On 5/18/22 9:46 PM, Christoph Anton Mitterer via austin-group-l at The Open
Group wrote:
The above, I'm not quite sure what these tell/prove...
I assume the ones with '?': that for all except bash/fnmatch '?'
matches both, valid characters and a single byte that is no character.
And the ones with bracket expression, that these also work when the BE
has either a valid character or a byte (that is not a character) and
vice-versa?
If Chet is reading along, is the above intended in bash, or considered
a bug?
The bash matcher falls back to C-locale-like behavior only if the pattern
and the string both do not contain any valid multibyte characters. So if,
for example, the string contains a valid multibyte character, but the
pattern does not, the matcher will attempt multibyte (wide character,
really) matches.
This is why the string \243] (a valid multibyte character in Big5) does not
match [\243!]]: nothing in the bracket expression will match that
character, and that string will never match a pattern ending in `]'.

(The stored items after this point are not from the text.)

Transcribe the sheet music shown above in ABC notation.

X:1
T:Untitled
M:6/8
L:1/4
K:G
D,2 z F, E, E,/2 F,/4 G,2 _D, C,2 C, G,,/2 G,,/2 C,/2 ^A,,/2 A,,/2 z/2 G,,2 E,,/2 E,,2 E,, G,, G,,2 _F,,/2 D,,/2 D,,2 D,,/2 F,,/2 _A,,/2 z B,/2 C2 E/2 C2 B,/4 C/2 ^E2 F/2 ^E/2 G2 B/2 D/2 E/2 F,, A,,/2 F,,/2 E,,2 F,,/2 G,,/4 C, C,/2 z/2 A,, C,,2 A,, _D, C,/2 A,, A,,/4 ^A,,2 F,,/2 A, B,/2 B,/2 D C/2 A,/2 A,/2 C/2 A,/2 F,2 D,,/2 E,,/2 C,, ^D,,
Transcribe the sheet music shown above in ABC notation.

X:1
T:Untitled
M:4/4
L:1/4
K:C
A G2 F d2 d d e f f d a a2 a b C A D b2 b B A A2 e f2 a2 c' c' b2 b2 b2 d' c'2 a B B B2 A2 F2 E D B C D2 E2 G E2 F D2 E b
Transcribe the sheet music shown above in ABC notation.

IMO it would have been interesting to see whether ? would also match
multiple bytes that are each for themselves and together no valid
character...
No, it wouldn't. You can make a case for `?' matching a single byte that is
not part of a valid multibyte character (there is no such thing as a single
byte that is "no valid character" when you are matching), but you cannot
make one for `?' matching more than one byte that does not compose a valid
multibyte character.
The tests involving \243 are run in a Big5 environment. In Big5,
\243\135 is the representation of β, a single valid character, even
though \135 on its own is still the single character ].

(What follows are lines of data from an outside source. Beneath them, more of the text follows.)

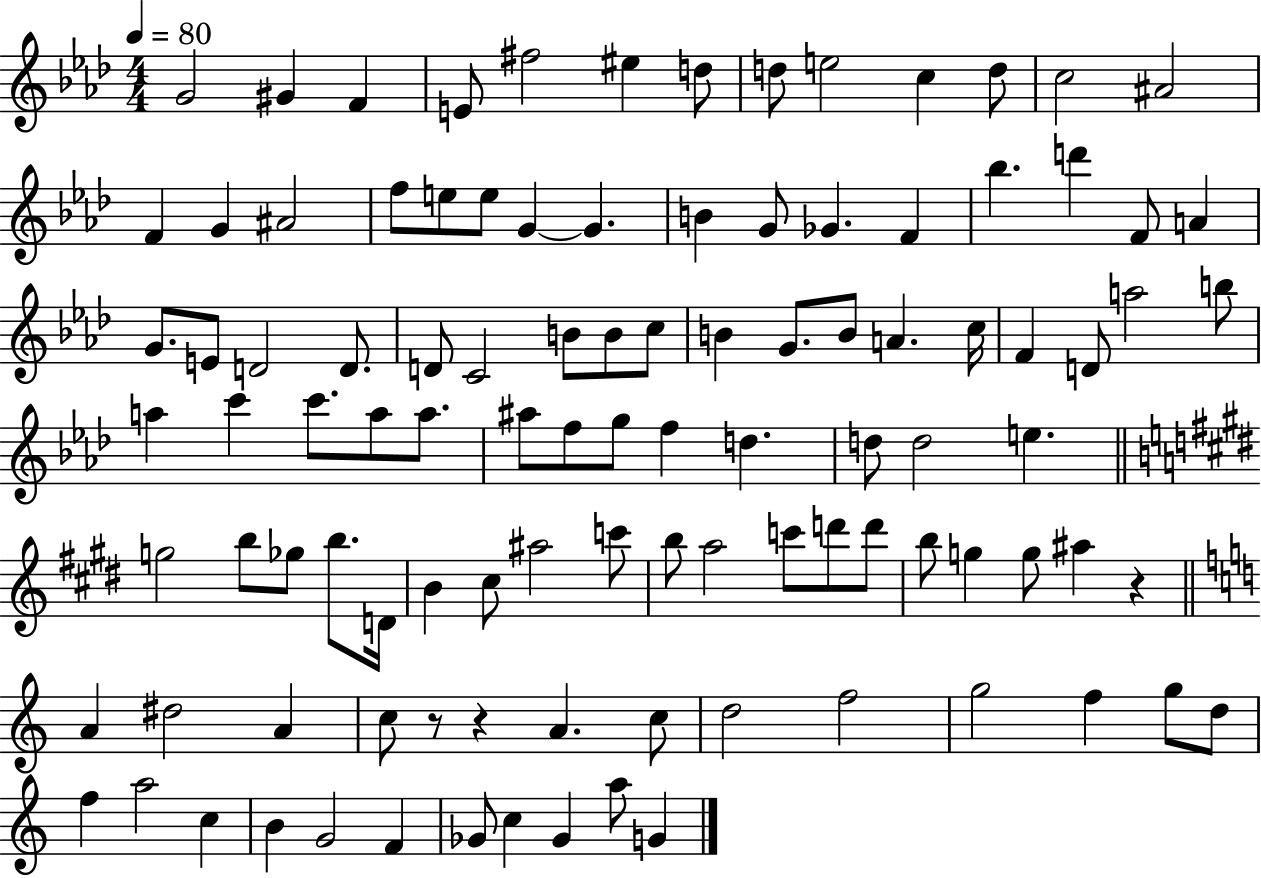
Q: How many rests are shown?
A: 3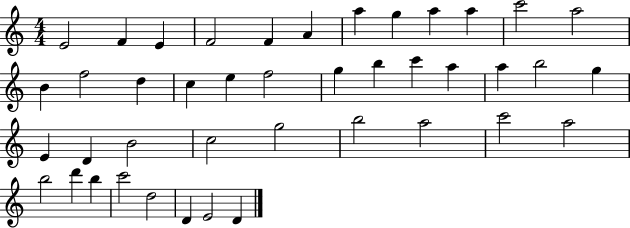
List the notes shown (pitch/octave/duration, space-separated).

E4/h F4/q E4/q F4/h F4/q A4/q A5/q G5/q A5/q A5/q C6/h A5/h B4/q F5/h D5/q C5/q E5/q F5/h G5/q B5/q C6/q A5/q A5/q B5/h G5/q E4/q D4/q B4/h C5/h G5/h B5/h A5/h C6/h A5/h B5/h D6/q B5/q C6/h D5/h D4/q E4/h D4/q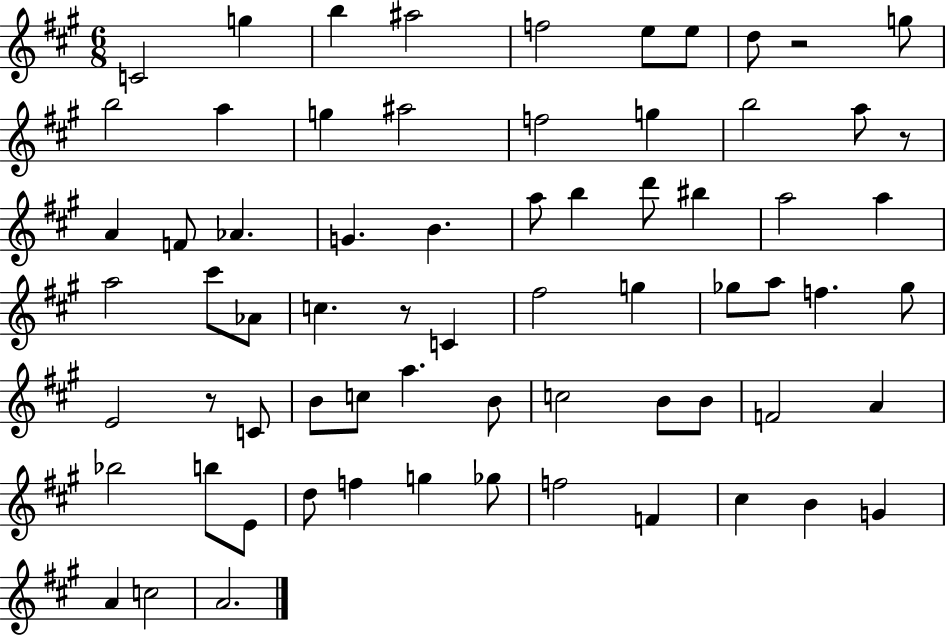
C4/h G5/q B5/q A#5/h F5/h E5/e E5/e D5/e R/h G5/e B5/h A5/q G5/q A#5/h F5/h G5/q B5/h A5/e R/e A4/q F4/e Ab4/q. G4/q. B4/q. A5/e B5/q D6/e BIS5/q A5/h A5/q A5/h C#6/e Ab4/e C5/q. R/e C4/q F#5/h G5/q Gb5/e A5/e F5/q. Gb5/e E4/h R/e C4/e B4/e C5/e A5/q. B4/e C5/h B4/e B4/e F4/h A4/q Bb5/h B5/e E4/e D5/e F5/q G5/q Gb5/e F5/h F4/q C#5/q B4/q G4/q A4/q C5/h A4/h.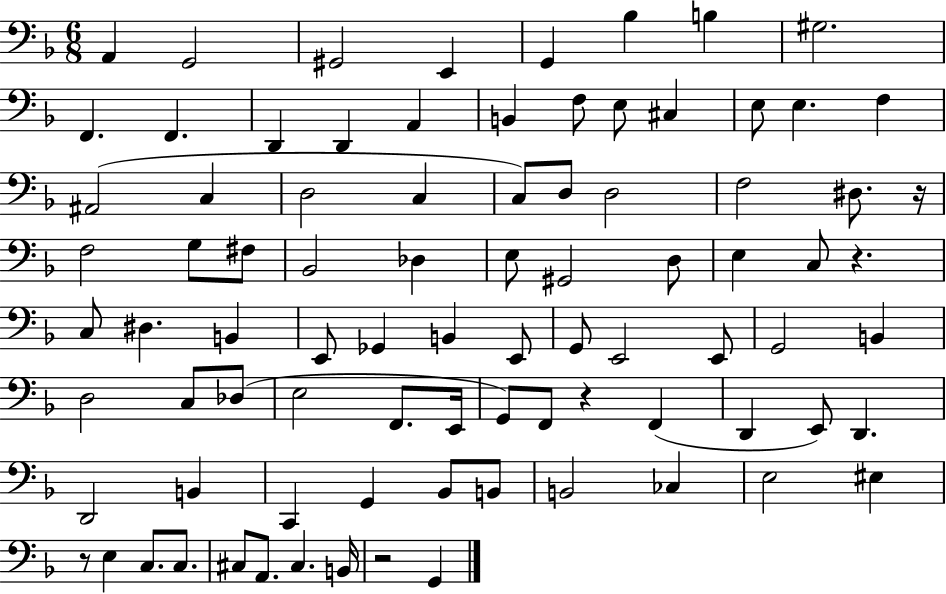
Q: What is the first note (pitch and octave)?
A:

Seem also a bit strange to me,... all shells match \243 against ? ...
i.e. ? matches a single byte that is not a character... but later on it
doesn't work again with \243] and ?]
Because, as Harald says, \243] is a valid multibyte character in Big5
locales.
--
``The lyf so short, the craft so long to lerne.'' - Chaucer
``Ars longa, vita brevis'' - Hippocrates
Chet Ramey, UTech, CWRU c...@case.edu http://tiswww.cwru.edu/~chet/